Occam’s razor, not to multiply causes unnecessarily, is the pruning hook of science, but the standard model did the opposite. Physics started with a simple theory of mass, charge, and spin, but now it has isospin, hypercharge, color, chirality, flavor, and other esoteric features. The standard model today needs sixty-two fundamental particles (Note 1), five invisible fields, sixteen charges and fourteen bosons to work (Table 4.6). If it was a machine, one would have to hand-set over two dozen knobs just right for it to light up, so if this model is preferred today, it isn’t because of its simplicity.
For this level of complexity, one might expect completeness, but the standard model is far from that. It can’t explain gravity, proton stability, anti-matter, quark charges, neutrino mass, neutrino spin, family generations, randomness, or why inflation stopped. Nor does it say anything about the dark energy or dark matter that constitute 95% of the universe. Its main feature is that with each new result, it grows, so to explain inflation needs a hypothetical symmetron field, and to explain the mass of neutrinos needs another 7-8 arbitrary constants:
Good theories grow new data, as a garden grows plants, but the standard model absorbs new data to grow itself.
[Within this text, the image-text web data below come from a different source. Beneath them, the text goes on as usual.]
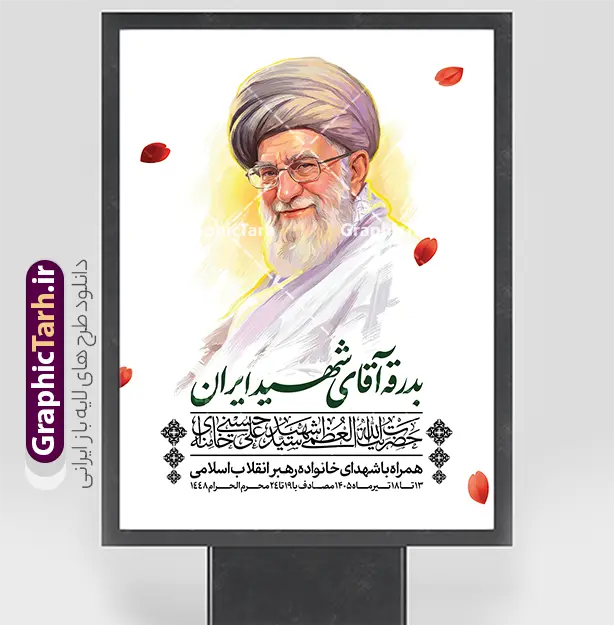 طرح پوستر بدرقه آقای شهید ایران و مراسم تشییع رهبر شهید | پوستر لایه باز مراسم تشییع و خاکسپاری آقای شهید ایران امام خامنه ای با عکس رهبر شهید و گنبد حرم امام رضا (ع) دانلود طرح لایه باز بنر و پوستر مراسم تشییع و خاکسپاری و بدرقه آقای شهید ایران امام خامنه با عکس رهبر شهید و با تایپوگرافی و خوشنویسی باید برخاست و عکس گنبد حرم امام رضا در مشهد با قابلیت ویرایش بنر مراسم تشییع رهبری با عکس شهید خامنه ای در کنار تصویر گنبد امام رضا در مشهد و حروف نگاری رهبر شهید نمونه بنر مراسم تشییع پیکر مطهر آقای شهید ایران امام خامنه ای با عکس رهبر شهید مناسب برای جایگاه مراسم عزاداری در هیئت ها و ... میباشد. شما می توانید با خرید اشتراک نمونه طرح رهبر شهید با عکس مشت گره کره آقای شهید ایران را بصورت رایگان و با کیفیت بالا دانلود کنید. دانلود طرح پوستر تشییع رهبر شهید با خوشنویسی بدرقه آقای شهید ایران و عکس گنبد امام رضا پس زمینه طرح بنر مراسم تشییع و بدرقه رهبر شهید انقلاب و با آقای شهید ایران سبز و رنگبدی تصویر تیره مناسب غم و اندوه این ایام می باشد. فایل طرح پوستر تشییع و خاکسپاری رهبر شهید با عکس حرم امام رضا در ابعاد لارج 3 در 4 متر و با رزولوشن 72 مناسب نصب مراسم عزاداری ، از سایت گرافیک طرح قابل دانلود می باشد. جهت اطلاع از جدیدترین طرح های سایت و دانلود رایگان ، در کانال تلگرام عضو شوید. مجموعه طرح  امام شهید امت توسط تیم گرافیک طرح جهت چاپ و استفاده در مراسم عزاداری و یاد رهبر شهید طراحی و برای دانلود در دسترس قرار گرفته است. بنر بدرقه با عکس رهبر شهید و عکس حرم امام رضا ,طرح بنر تشییع پیکر مطهر آقای شهید ایران امام خامنه ای با عکس رهبر شهید در حرم امام رضا (ع), طرح بنر تشییع رهبر شهید باید برخاست فایل لایه باز مثلی لایبایع مثله با عکس سید الشهدای انقلاب امام شهید خامنه ای ,طرح بنر امام شهید امت psd و طرح پوستر تشییع امام شهید با عکس حرم امام رضا,بنر پشت منبری تشییع امام با خوشنویسی باید برخاست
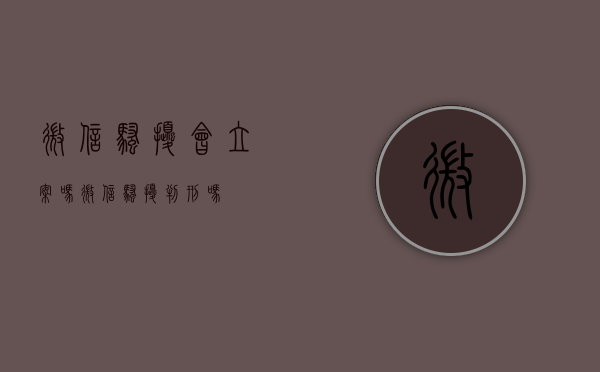 微信骚扰会立案吗（微信骚扰判刑吗）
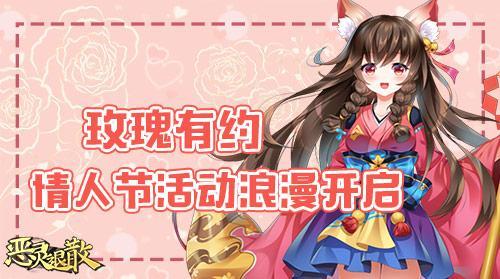 情人节游戏，2025必玩双人浪漫推荐？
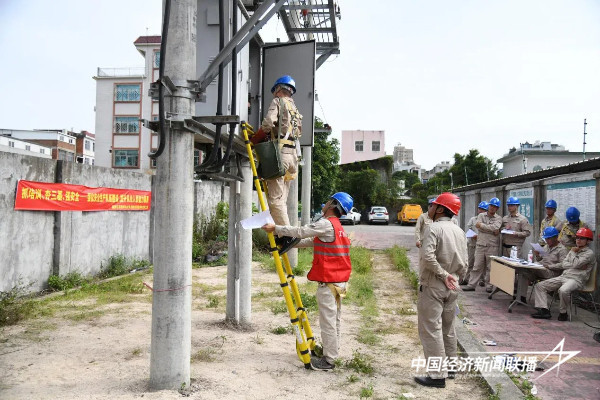 20241025云霄1 (1).jpg?x-oss-process=style/water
It is the magic castle that spawned the fairy-like virtual particles that led modern physics nowhere, because multiplying causes unnecessarily is against science.
Note1. Two leptons with three generations plus anti-matter variants is 12. Two quarks with three generations plus anti-matter variants and three colors is 36. Plus one photon, eight gluons, three weak bosons, one graviton and the Higgs is another 14. The total is 62.